Landscape and Revolution in Ireland, France and America 1770-1810
1 April 2014 5:00 pm at SAUL Studio
Speaker: Dr. Finola O'Kane Crimmins
This lecture will identify the origins, trajectories and tangles of the many revolutionary landscapes that have criss-crossed the Atlantic since the late eighteenth century. Moving from west to east, and from Philadelphia and Virginia to Dublin and Geneva, such reversed vistas will also question the implicit trajectory of much historical narrative. It will also explore how landscape tours became a precondition for revolutionary thought.

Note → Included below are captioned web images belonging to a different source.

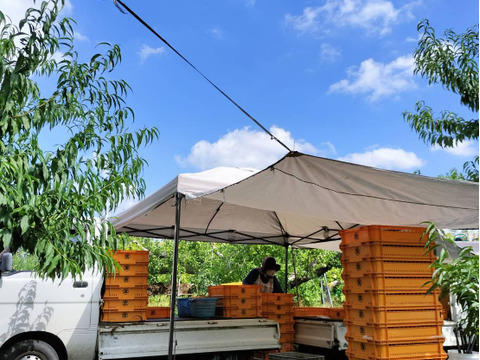 お手頃丸かじり桃!!『川中島白桃 2kg』☆数量限定☆【小玉品】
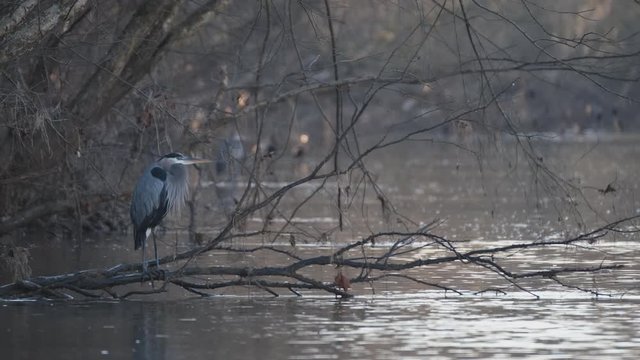 Great Blue Heron Hunts for Fish at the outfall river of the Jordan Lake Recreation Area Dam in North Carolina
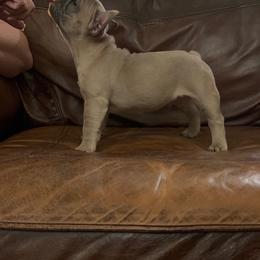 French Bulldog Puppies from Brandi Nance's French Bulldogs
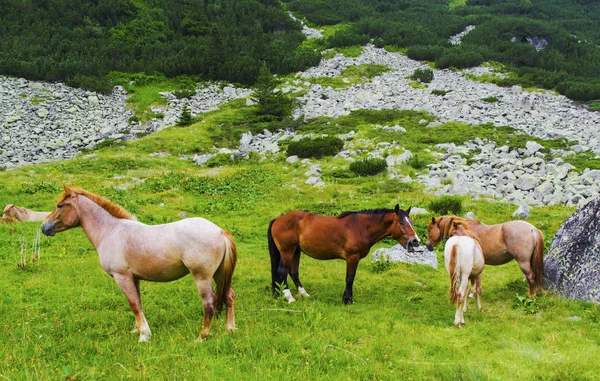 Landschap met wilde paarden in de bergen — Stockfoto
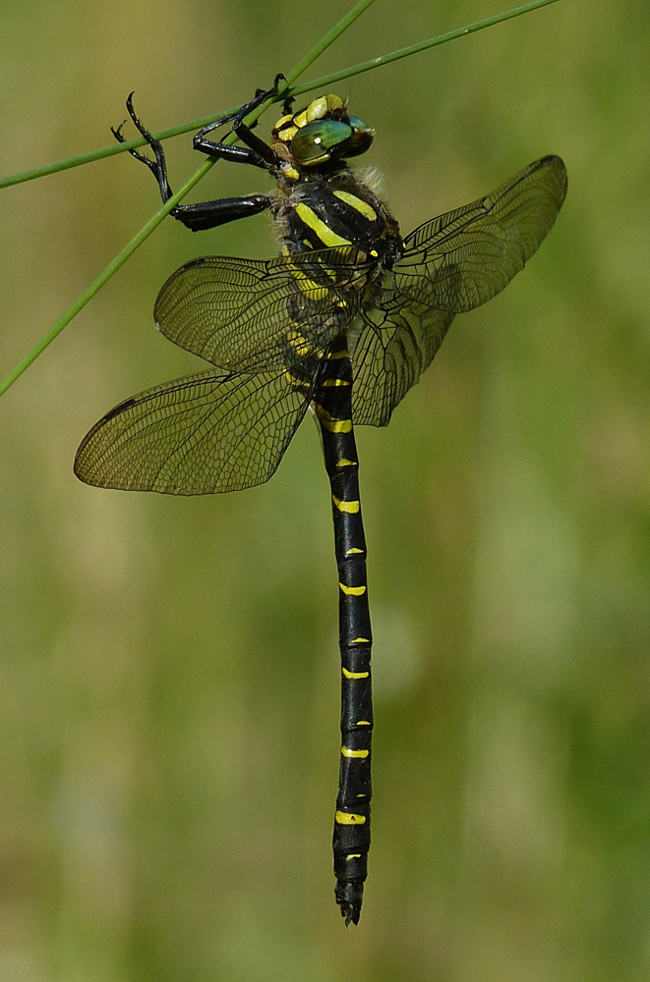 Cordulegaster boltonii ♂, I13 Bad Hersfeld Hüttenbachtal, 05.08.13, G. Koska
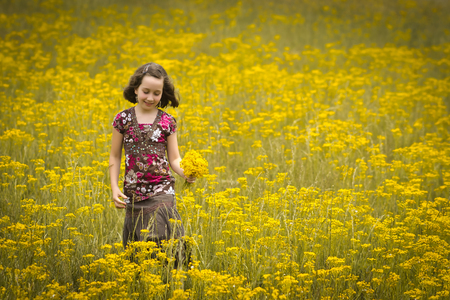 Beautiful young girl picking flowers in a fieldの写真素材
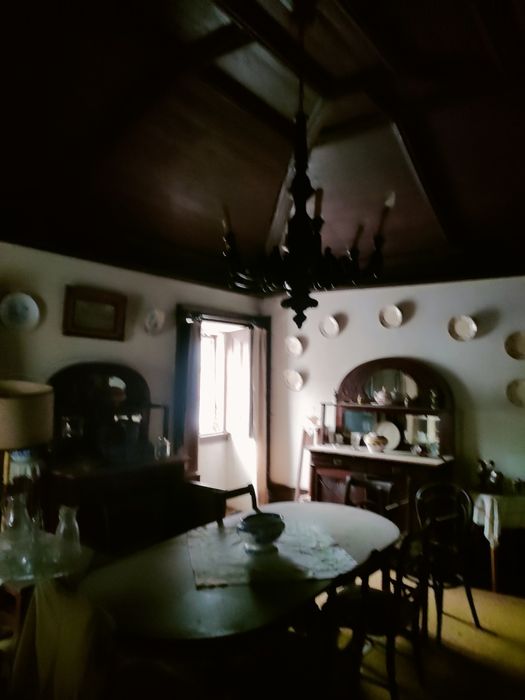 Quinta com 20 000 M2 em Santa Marinha - Ribeira Pena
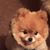 Sue Weiler's profile image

Finola O’Kane Crimmins lectures in the School of Architecture UCD where she directs the MUBC programme. An architect, landscape historian and conservation specialist, her first book Landscape Design in Eighteenth-century Ireland: Mixing Foreign Trees with the Natives was published in 2004 and awarded the inaugural J.B. Jackson Book Prize by the American Landscape Foundation in 2007. Her most recent book Ireland and the Picturesque: Design, Landscape Painting and Tourism in Ireland 1700–1840 was published in 2013 by Yale University Press on behalf of the Paul Mellon Centre for Studies in British Art. In 2013 she was appointed a fellow of Dumbarton Oaks by the Trustees of Harvard University, embarking on a research project entitled ‘Revolutionary Landscapes: Ireland, France and America 1700–1810’.